**BRIEF:** Your reply should be the whole listing, copied exactly, with the pictures left out.

**SOURCE INFORMATION:**
----
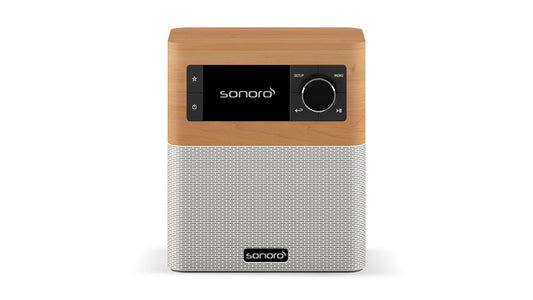 sonoro Stream Internetradio DAB+ Bluetooth. Ahorn/Weiss. Empfängt Internet- und DAB+ Radio, streamt Audio via Bluetooth.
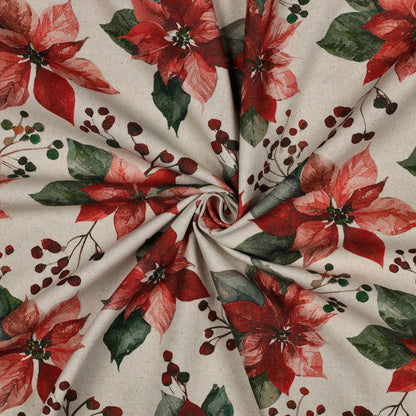 Image du tissu canvas étoile de Noël – disponible en ligne chez Šarlotes audumi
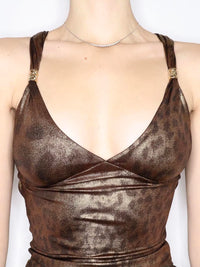 Wet Look Leopard Print Top - Festigal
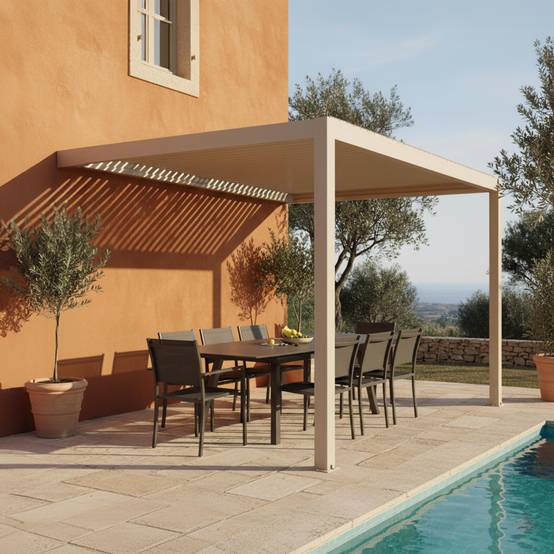 Oviala - Pergola bioclimatique adossée 3x4m et 1 store bois crème Oia - Oviala - Image 3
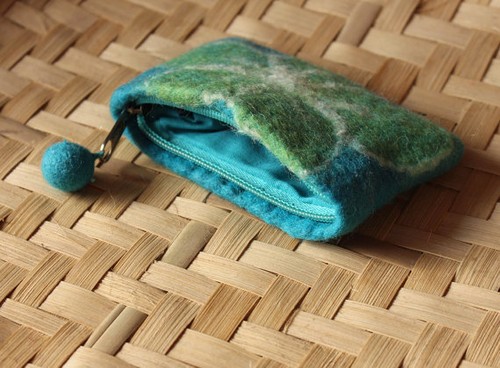 Flower Women's Felt Coin Purse Pouch Nepal 3x5 inches - Picture 12 of 14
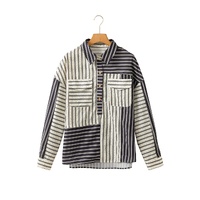 Black Stripe 2-tone Patchwork Half Buttons Chest Pockets Casual Blouse - S thumbnail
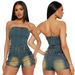 Women's One-Shoulder Denim Jumpsuit – High-Waisted Stretchy Washed Jeans Romper With Slimming Fit (Dark Blue, S-2XL)_ecoleips.com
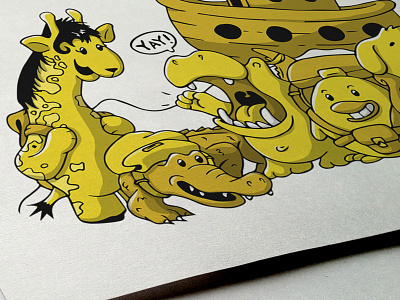 Safari Friends animal character cute design elephant illustration illustrator monkey mural yellow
----
**ANSWER BOX:**
 sonoro Stream Internetradio DAB+ Bluetooth. Ahorn/Weiss. Empfängt Internet- und DAB+ Radio, streamt Audio via Bluetooth.
 Image du tissu canvas étoile de Noël – disponible en ligne chez Šarlotes audumi
 Wet Look Leopard Print Top - Festigal
 Oviala - Pergola bioclimatique adossée 3x4m et 1 store bois crème Oia - Oviala - Image 3
 Flower Women's Felt Coin Purse Pouch Nepal 3x5 inches - Picture 12 of 14
 Black Stripe 2-tone Patchwork Half Buttons Chest Pockets Casual Blouse - S thumbnail
 Women's One-Shoulder Denim Jumpsuit – High-Waisted Stretchy Washed Jeans Romper With Slimming Fit (Dark Blue, S-2XL)_ecoleips.com
 Safari Friends animal character cute design elephant illustration illustrator monkey mural yellow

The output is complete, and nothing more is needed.